++++ Material provided ++++
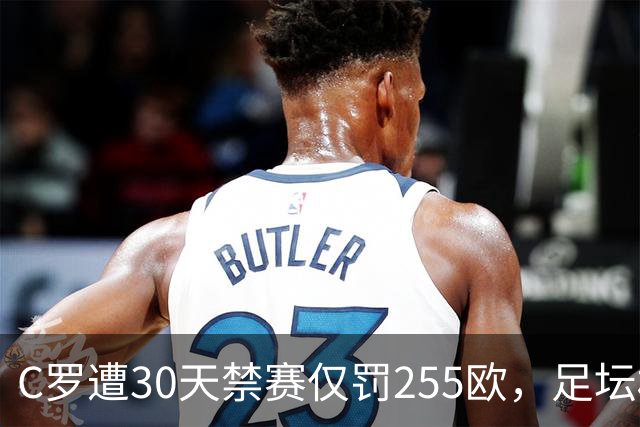 C罗遭30天禁赛仅罚255欧，足坛权力博弈与信任危机全面解析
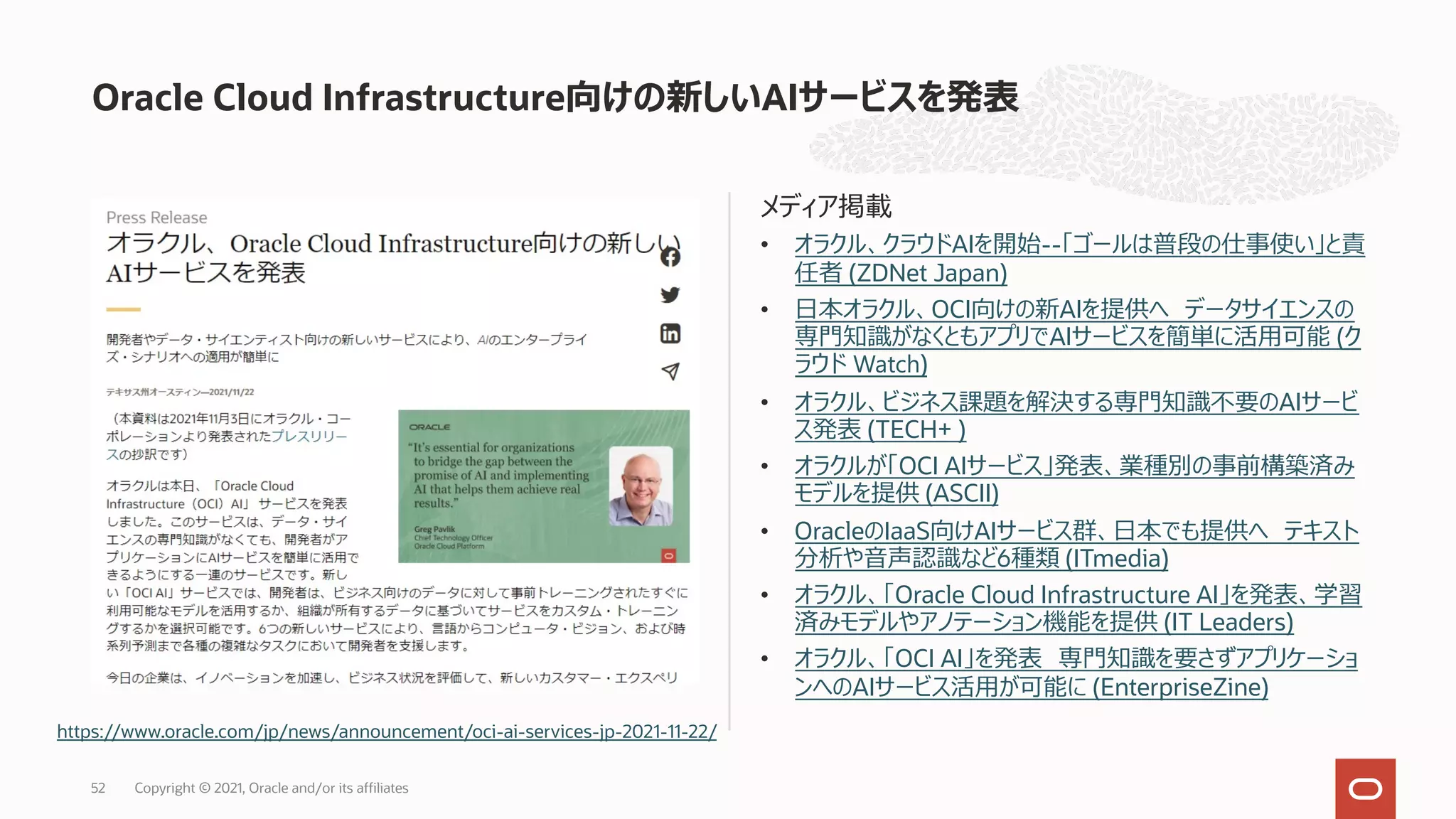 メディア掲載
• オラクル、クラウドAIを開始--「ゴールは普段の仕事使い」と責
任者 (ZDNet Japan)
• ⽇本オラクル、OCI向けの新AIを提供へ データサイエンスの
専⾨知識がなくともアプリでAIサービスを簡単に活⽤可能 (ク
ラウド Watch)
• オラクル、ビジネス課題を解決する専⾨知識不要のAIサービ
ス発表 (TECH+ )
• オラクルが「OCI AIサービス」発表、業種別の事前構築済み
モデルを提供 (ASCII)
• OracleのIaaS向けAIサービス群、⽇本でも提供へ テキスト
分析や⾳声認識など6種類 (ITmedia)
• オラクル、「Oracle Cloud Infrastructure AI」を発表、学習
済みモデルやアノテーション機能を提供 (IT Leaders)
• オラクル、「OCI AI」を発表 専⾨知識を要さずアプリケーショ
ンへのAIサービス活⽤が可能に (EnterpriseZine)
Oracle Cloud Infrastructure向けの新しいAIサービスを発表
https://www.oracle.com/jp/news/announcement/oci-ai-services-jp-2021-11-22/
Copyright © 2021, Oracle and/or its affiliates
52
++++
#### Task statement:
Would you set down each line of the data exactly, with no images included?

#### Exercise response:
 C罗遭30天禁赛仅罚255欧，足坛权力博弈与信任危机全面解析
 メディア掲載
• オラクル、クラウドAIを開始--「ゴールは普段の仕事使い」と責
任者 (ZDNet Japan)
• ⽇本オラクル、OCI向けの新AIを提供へ データサイエンスの
専⾨知識がなくともアプリでAIサービスを簡単に活⽤可能 (ク
ラウド Watch)
• オラクル、ビジネス課題を解決する専⾨知識不要のAIサービ
ス発表 (TECH+ )
• オラクルが「OCI AIサービス」発表、業種別の事前構築済み
モデルを提供 (ASCII)
• OracleのIaaS向けAIサービス群、⽇本でも提供へ テキスト
分析や⾳声認識など6種類 (ITmedia)
• オラクル、「Oracle Cloud Infrastructure AI」を発表、学習
済みモデルやアノテーション機能を提供 (IT Leaders)
• オラクル、「OCI AI」を発表 専⾨知識を要さずアプリケーショ
ンへのAIサービス活⽤が可能に (EnterpriseZine)
Oracle Cloud Infrastructure向けの新しいAIサービスを発表
https://www.oracle.com/jp/news/announcement/oci-ai-services-jp-2021-11-22/
Copyright © 2021, Oracle and/or its affiliates
52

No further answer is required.